Two of the basic issues were the role of the Torah and the authority of Jesus. Rabbinic Judaism could never accept the Second Testament Christology since the God-man of the “hypostatic union” is foreign to the Torah’s teaching on absolute monotheism. As the promised Messiah,2 Jesus did not meet the conditions which the prophetic-Rabbinic tradition associated with the coming of the Messiah. For example, there was no harmony, freedom, peace and amity in Jerusalem and enmity and struggle abounded elsewhere in the Land. This denies the validity of the Christian claim that Jesus fulfilled the Torah and that in his Second Coming the tranquility of the Messianic Age will be realized. As Rabbi Jesus, he taught the divine authority of the Torah and the prophets,3 and respect for its presenters and preservers,4 but claimed that his authority was equally divine and that it stood above the authority of the Torah. We agree with others who see this testimony as the major point of contention between Jesus and the religious authorities that ultimately led to the severance of the Jesus party from the Synagogue. However, we maintain, that the quarrel began in the words of Jesus on the roads to and from the Torah.
For example, the distinction between the positive articulation of the Golden Rule as given by Jesus5 and its negative form as given by Hillel.6 Jesus’ ethic is seen in Christianity as altruistic and denies the individual objective moral value and dwarfs the self for the sake of the other. Hillel’s moral code as understood within Judaism eliminates the subjective attitude entirely. It is objectively involved with abstract justice, which attaches moral value to the individual as such without prejudice to self or other.
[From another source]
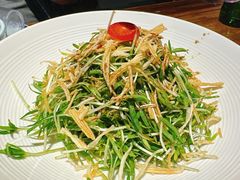 捞汁空心菜苗-打酱油·非遗淮扬菜(瘦西湖梅岭店)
Hillel’s argument is that no person has the right to ruin another person’s life for the sake of one’s own life, and similarly, one has no right to ruin one’s own life for the sake of another. Both are human beings and both lives have the same value before the heavenly throne of justice. The Torah teaching, “Love your neighbor as yourself,”7 means for the Sages just that, neither more nor less; that is, the scales of justice must be in a state of equilibrium with no favorable leaning either toward self or neighbor. Self-love must not be a measuring rod to slant the scale on the side of self-advantage and concern for the other must not tip the scale of justice in his/her behalf.8
Hillel’s point stands in contrast to the standpoint of Jesus, whom Christians believe is above the authority of the Dual Torah. The disparity of self and other in the ancestral faith of Jesus is abolished in the new faith in Jesus: “There is neither Jew nor Greek, slave nor free, male nor female, for you are all one in Christ Jesus.”9 This may well explain the words of Jesus on retaliation,10 on love of one’s enemies,11 and on forgiveness at the crucifixion.12
The difference between Hillel and Jesus, the Synagogue and the Church, on the purpose of Torah and the person of Jesus, acquired new intensity after the passing of the Jewish Jesus and the success of Pauline Christianity.
‘Ani Hu’/ I Am He
No matter how composite is the figure of the historical Jesus and how rudimentary is the concept of the Christ-event in the Second Testament, there can be no doubt that the Jewish and Gentile believers bestowed divine attributes and power upon Jesus and venerated him above all creatures. Such an attitude towards the person of Jesus as God incarnate led to conflict with the Sages, who revered only Torah-from-Heaven. This is illustrated in the exegetical dissimilarity between Church and Synagogue in how one is to submit to God’s righteousness. Reading the nature of God’s commandment (Dt 30: 11-14), the Apostle Paul comments that Christ is the subject of “Who will ascend into heaven? … Who will descend into the deep?” and confessing “Jesus is Lord … in your mouth and in your heart”13 is the justified salvation for all. For the Sages, however, salvation is in believing and doing the commandments. “Surely, this commandment that I am commanding you today is not too hard for you … it is not in heaven,”14 is the raison d’Ltre of Rabbinic Judaism. That is to say, the Torah is not in heaven, it is here and near so that Israel can hear “the blessing and the curse” and do the 613 Commandments15 in order “to choose life”16 and live.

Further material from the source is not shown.